STORED DATA.
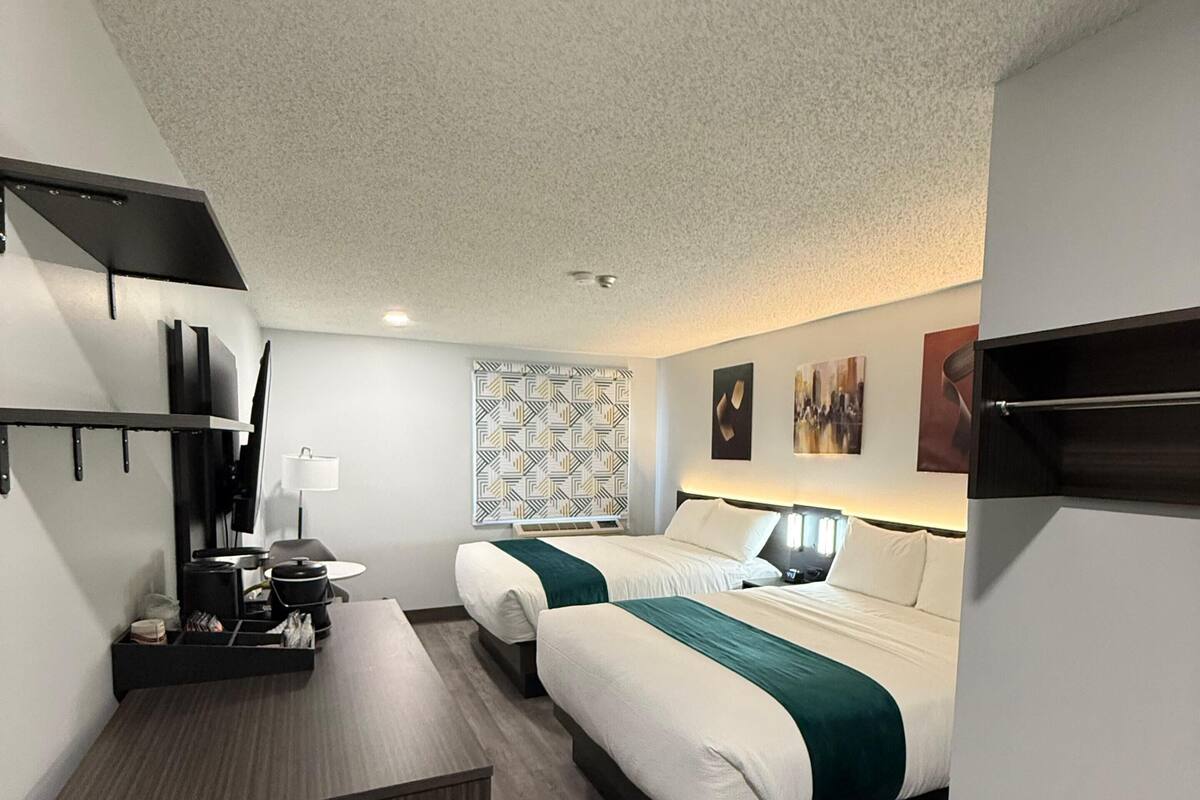 A hotel room with a bed, bedside table, and a desk with a chair.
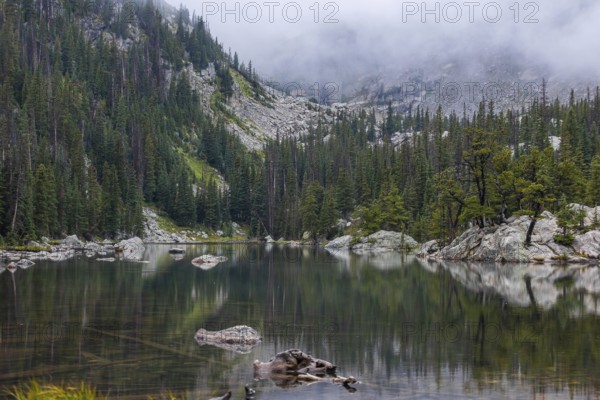 Misty atmosphere blankets a peaceful lake surrounded by dense forests and rugged mountains in the heart of Colorado's Rocky Mountains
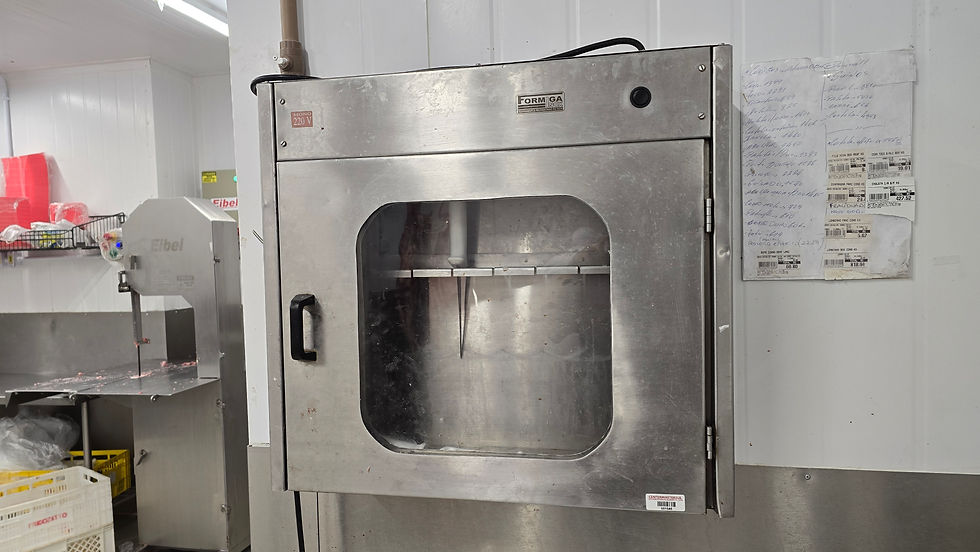 Forno de aço inoxidável em cozinha industrial com notações escritas em papel colado na parede ao lado. Máquina Eibel ao fundo.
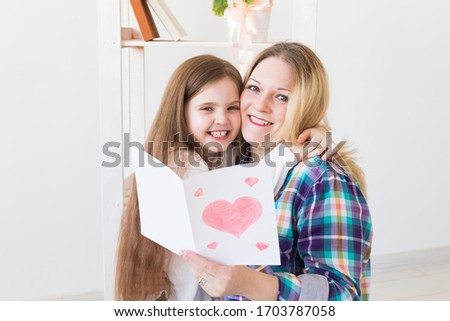 Mother's Day and family holidays - Mother reading greeting card from her daughter.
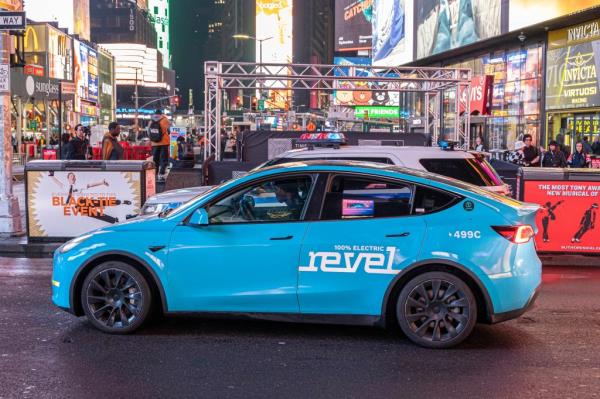 An electric revel brand car in Times Square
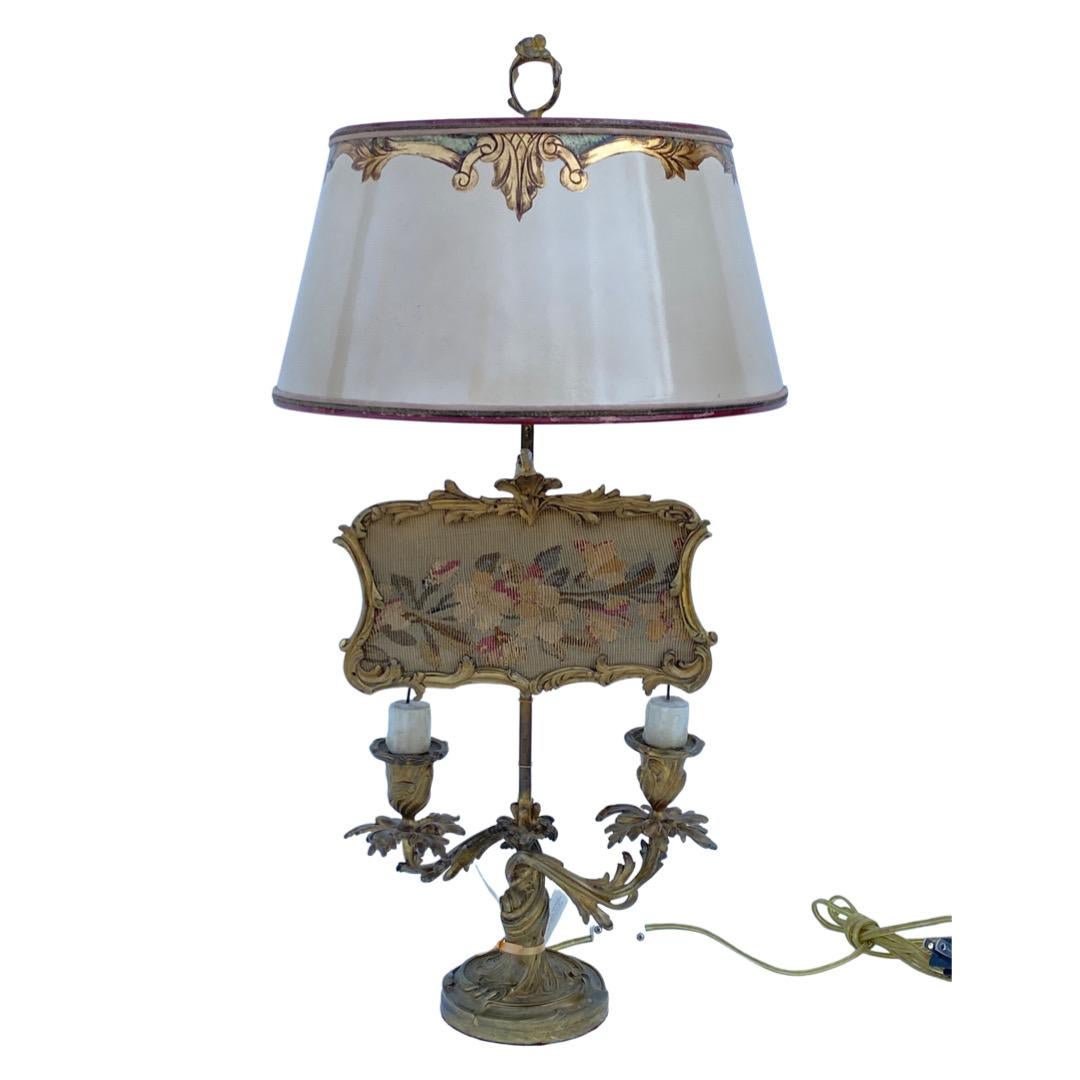 Originally a two-armed candlestick. Original, adjustable screen with aubusson insert. Converted to lamp with custom, hand-painted parchment shade.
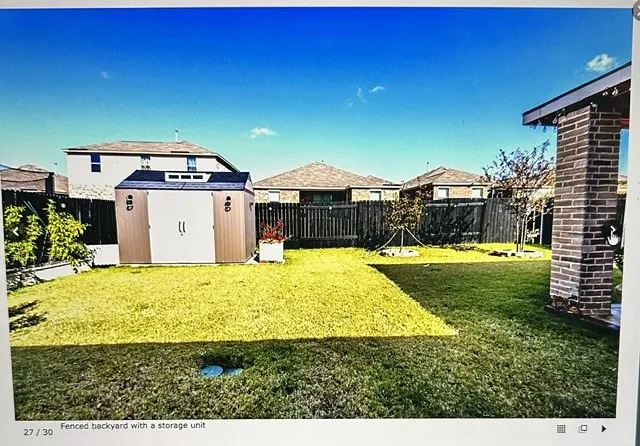 Expansive green lawn with a brown and white storage shed, surrounded by dark wood privacy fencing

EXERCISE PROMPT.
Your answer must be a verbatim copy of the entries above, with no images included.

SOLUTION FOR THIS EXERCISE.
 A hotel room with a bed, bedside table, and a desk with a chair.
 Misty atmosphere blankets a peaceful lake surrounded by dense forests and rugged mountains in the heart of Colorado's Rocky Mountains
 Forno de aço inoxidável em cozinha industrial com notações escritas em papel colado na parede ao lado. Máquina Eibel ao fundo.
 Mother's Day and family holidays - Mother reading greeting card from her daughter.
 An electric revel brand car in Times Square
 Originally a two-armed candlestick. Original, adjustable screen with aubusson insert. Converted to lamp with custom, hand-painted parchment shade.
 Expansive green lawn with a brown and white storage shed, surrounded by dark wood privacy fencing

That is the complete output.